Records for the exercise
========================================================================

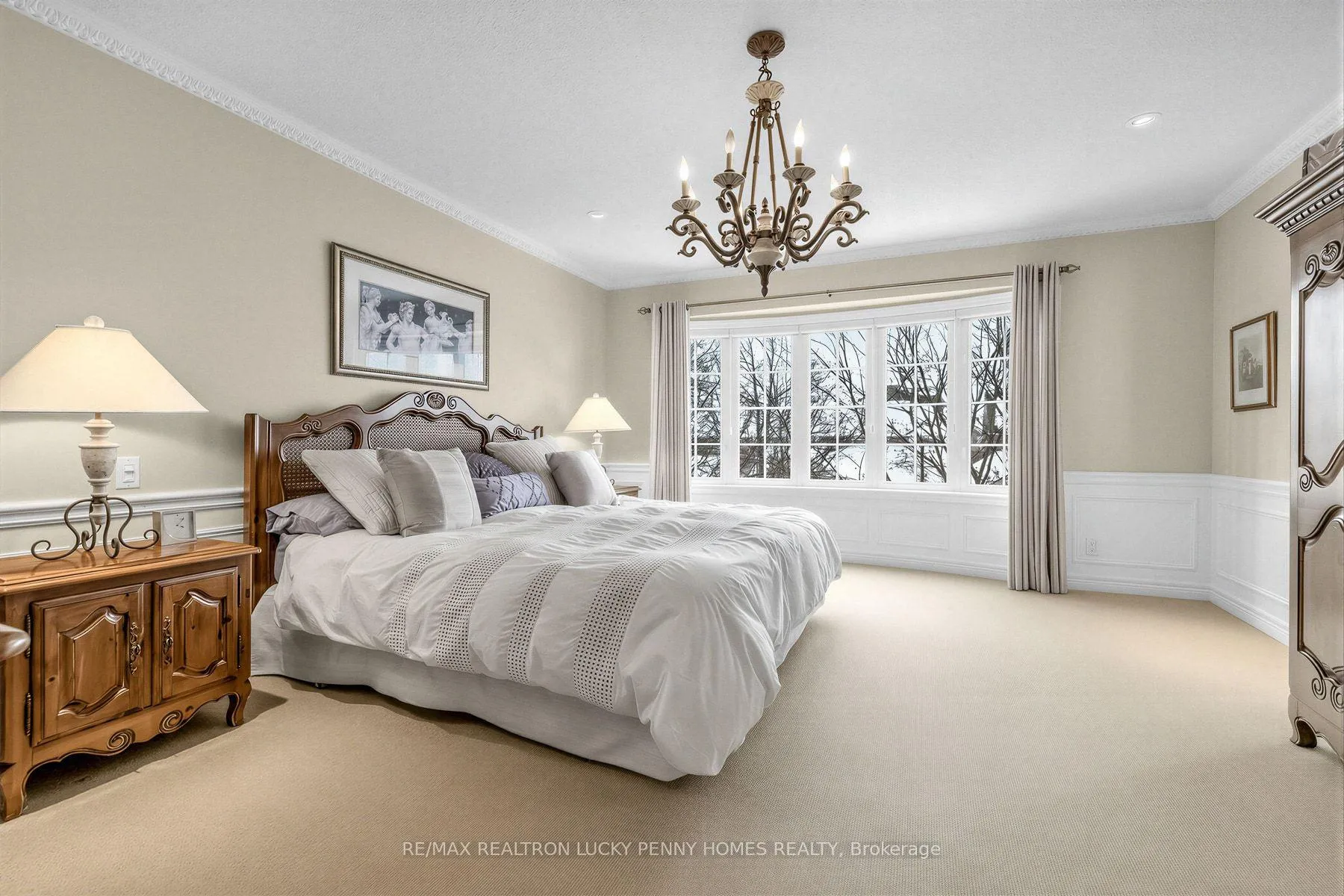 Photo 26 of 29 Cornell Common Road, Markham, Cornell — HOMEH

========================================================================

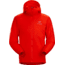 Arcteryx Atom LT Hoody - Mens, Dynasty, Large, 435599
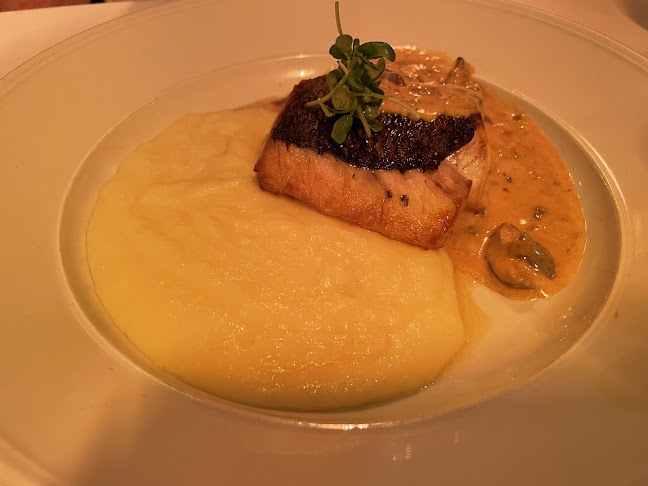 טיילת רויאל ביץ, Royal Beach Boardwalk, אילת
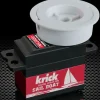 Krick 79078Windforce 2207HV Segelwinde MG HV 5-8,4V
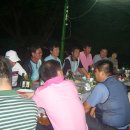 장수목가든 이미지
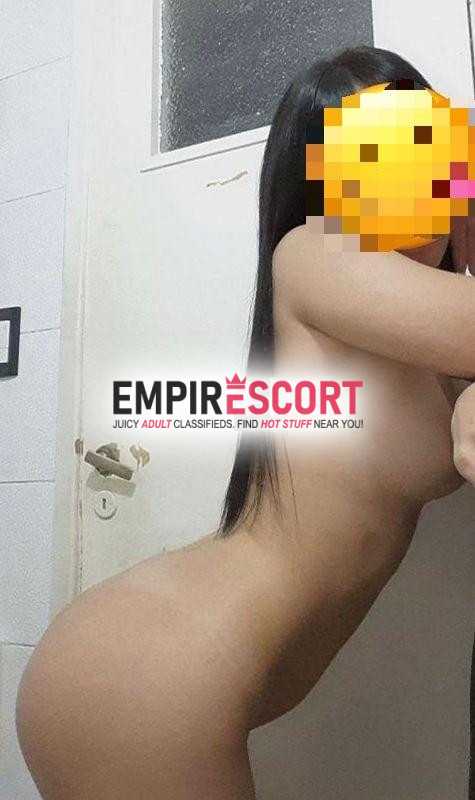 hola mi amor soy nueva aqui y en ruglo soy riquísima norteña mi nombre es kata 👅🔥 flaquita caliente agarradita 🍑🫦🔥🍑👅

========================================================================

Task to complete
I'd like the lines above repeated exactly, from the one that contains "טיילת רויאל ביץ, Royal Beach Boardwalk, אילת" through the one that contains "hola mi amor", with no pictures.

Task response
 טיילת רויאל ביץ, Royal Beach Boardwalk, אילת
 Krick 79078Windforce 2207HV Segelwinde MG HV 5-8,4V
 장수목가든 이미지
 hola mi amor soy nueva aqui y en ruglo soy riquísima norteña mi nombre es kata 👅🔥 flaquita caliente agarradita 🍑🫦🔥🍑👅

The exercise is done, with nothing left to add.